Description of the task
Please, without the pictures, retype exactly the lines from the start of the material through the line that holds "Blooming Flower Ring Box".

******************************

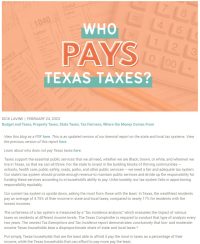 Who pays taxes?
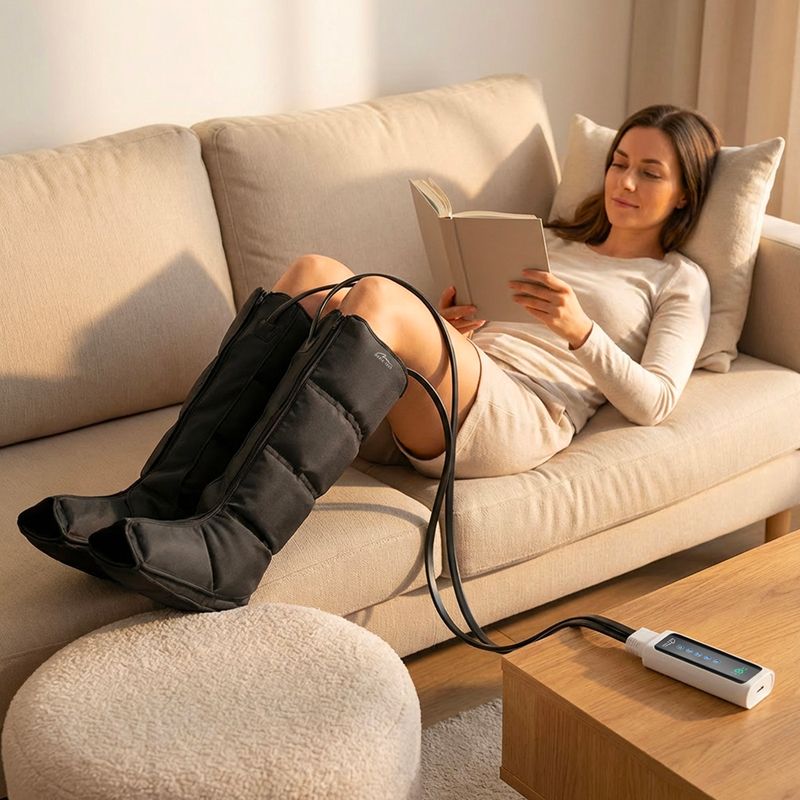 Lymfatický masážní přístroj na nohy Media-Tech Air Compression Lymphatic Drainage black 12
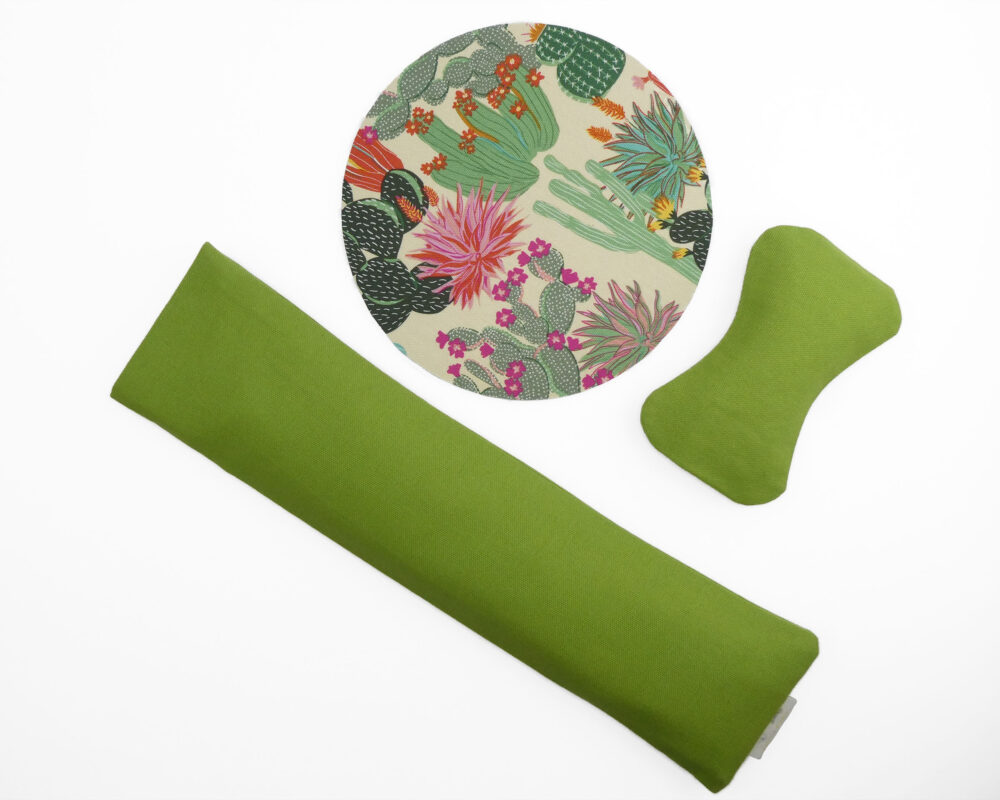 Light Green: Natural Filled Ergonomic Wrist Rests for Keyboard & Mouse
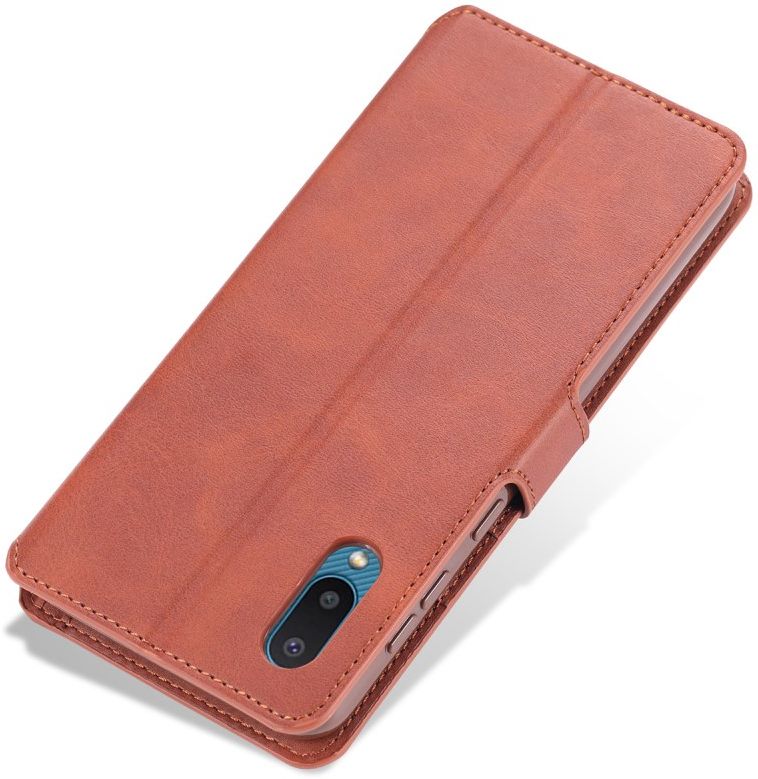 AZNS Samsung Galaxy M02 Hoesje Wallet Book Case Kunstleer Bruin afbeelding 10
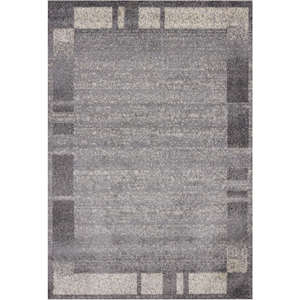 Netline Home Ephesus Plush Rectangle <b>Rug</b> <b>Grey</b> <b>Cream</b> Machine Made Living Room Carpet - Product Image 1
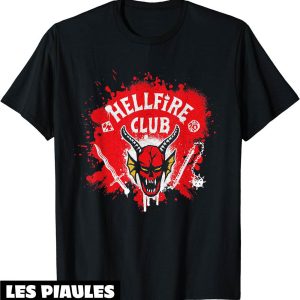 Hellfire Club T-Shirt Stranger Things De La NF Americaine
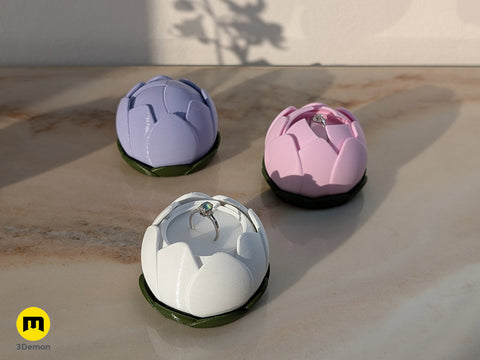 Blooming Flower Ring Box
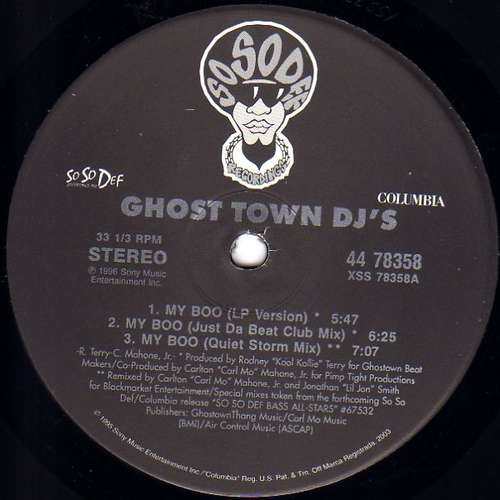Cover Ghost Town DJ's - My Boo (12) Schallplatten Ankauf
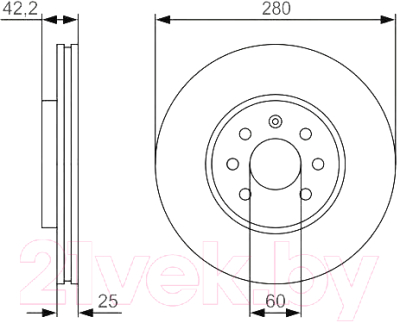 

Тормозной диск Bosch, 0986479S55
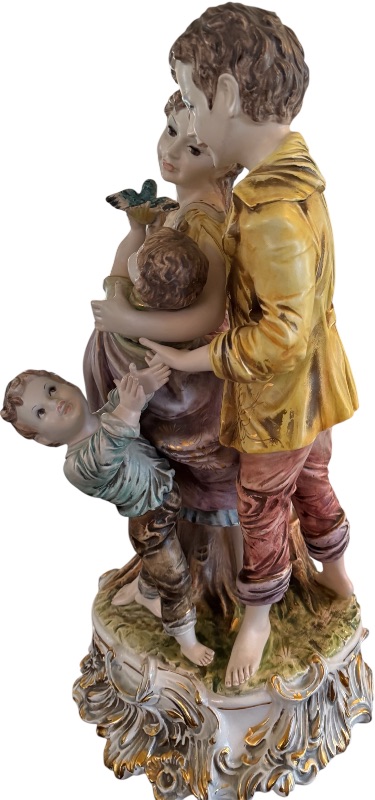 Photo 1 of ANTIQUE PORCELAIN ITALIAN FIGURINE W19” H21”
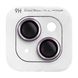 Скло (лінзи) для камери Metal Classic для iPhone 15 Pro/15 Pro Max Light Purple 1802-11 фото 1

******************************

Task answer
 Who pays taxes?
 Lymfatický masážní přístroj na nohy Media-Tech Air Compression Lymphatic Drainage black 12
 Light Green: Natural Filled Ergonomic Wrist Rests for Keyboard & Mouse
 AZNS Samsung Galaxy M02 Hoesje Wallet Book Case Kunstleer Bruin afbeelding 10
 Netline Home Ephesus Plush Rectangle <b>Rug</b> <b>Grey</b> <b>Cream</b> Machine Made Living Room Carpet - Product Image 1
 Hellfire Club T-Shirt Stranger Things De La NF Americaine
 Blooming Flower Ring Box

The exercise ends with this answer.